Breitbart, the website at the center of the self-described alternative online media, is planning to expand in the U.S. and abroad. The site, whose former chairman became the chief executive of Donald Trump’s campaign in August, has been emboldened by the victory of its candidate.


Breitbart was always bullish on Trump’s chances, but the site seems far more certain of something else, as illustrated by a less visible story it published on election night, declaring a different sort of victory: “Breitbart Beats CNN, HuffPo for Total Facebook Engagements for Election Content.”


It was a type of story the site publishes regularly. In August: “Breitbart Jumps to #11 on Facebook for Overall Engagement.” In June: “Breitbart Ranked #1 in the World for Political Social Media; Beats HuffPo by 2 Million.” Late last year: “Breitbart News #6 for Most Comments Among English Facebook Publishers Globally.”

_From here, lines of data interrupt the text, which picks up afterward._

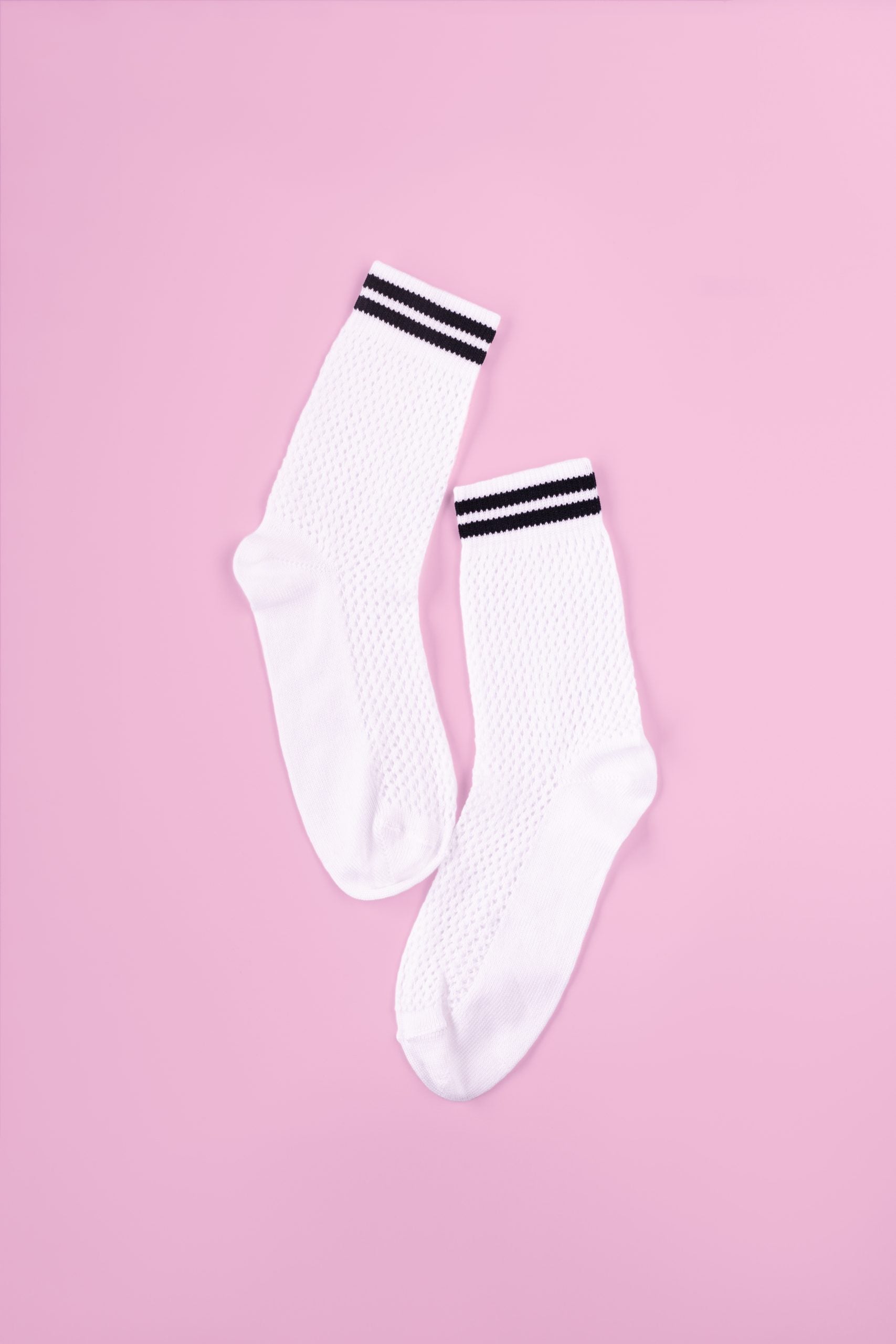 Weiße Socken mit schwarzen Streifen auf rosa Hintergrund.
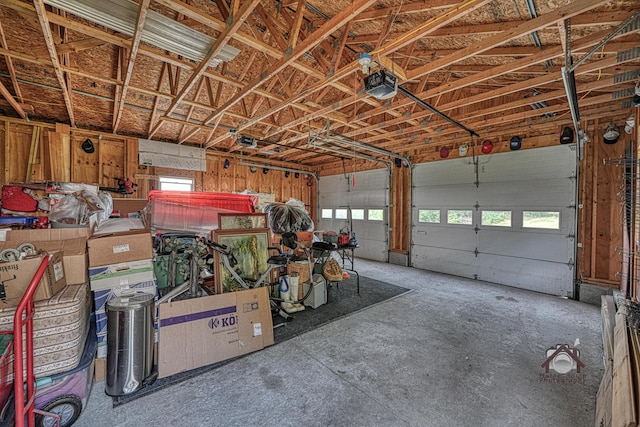 821 China Rd, Albion, ME 04910 - garage featuring a garage door opener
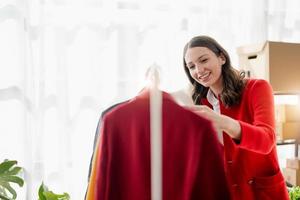 young woman work for checking the clothes in the home, concept e commerce. photo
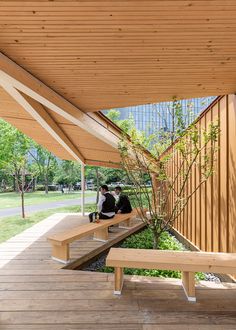 two people sitting on benches under a wooden awning next to a tree and grass area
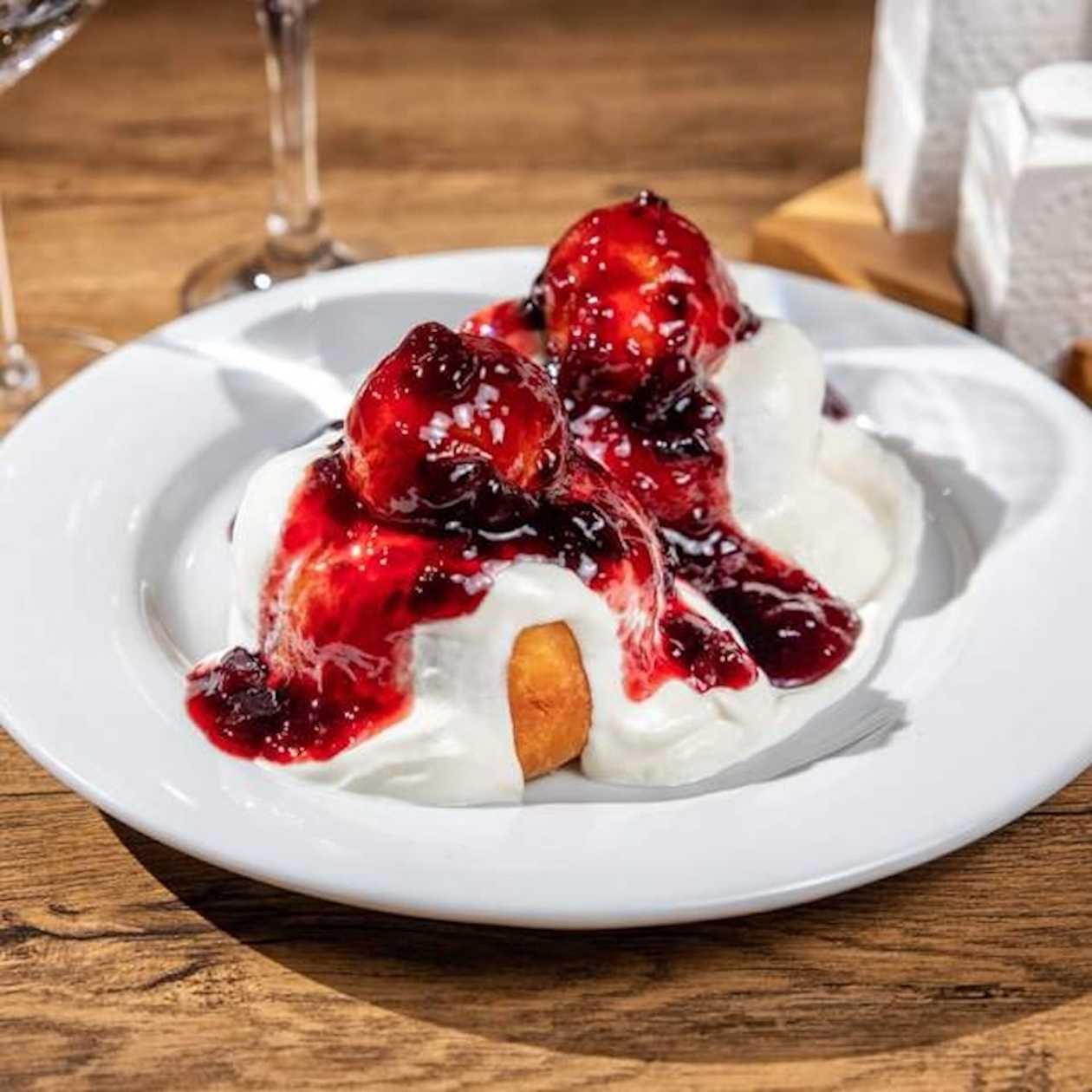 Romanian cheese doughnuts with sour cream and sour cherry jam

These stories were self-promotional. But the rankings, released on a monthly basis by a company called NewsWhip, which measures activity on social networks, represented a brutal leveling. They were unelaborated lists that ranked outlets in terms that were difficult to dispute — total shares, likes and comments.


A sample ranking of the most-shared sites on Facebook from January had Breitbart at No. 14, just behind ABC and The Washington Post, but before Bleacher Report, Comicbook.com, Yahoo and The Hill. The month before, the site ranked between the BBC and The Guardian, just behind The New York Times, which was at No. 7.


These told, narrowly, the story of reach on a new platform — one that the news industry was still coming to terms with as it redefined the terms of consumption. At the same time, they signaled much broader changes: On social platforms, all media had become marginal; elsewhere, much of the media was in structural collapse.


Growing distribution systems belonged to technology companies and their users. Publishers had become mere guests, their own distribution systems, like printed newspapers, stagnant or shrinking. So a news organization’s ranking in that online world — one in which the importance of legacy was diminished — meant something.


Faith in the importance of social metrics was a common trait among pro-Trump media, and for obvious reasons. They were clear indicators of support, participation and success, though exposed to no methodology. They were relative to other media and, by proxy, to politics.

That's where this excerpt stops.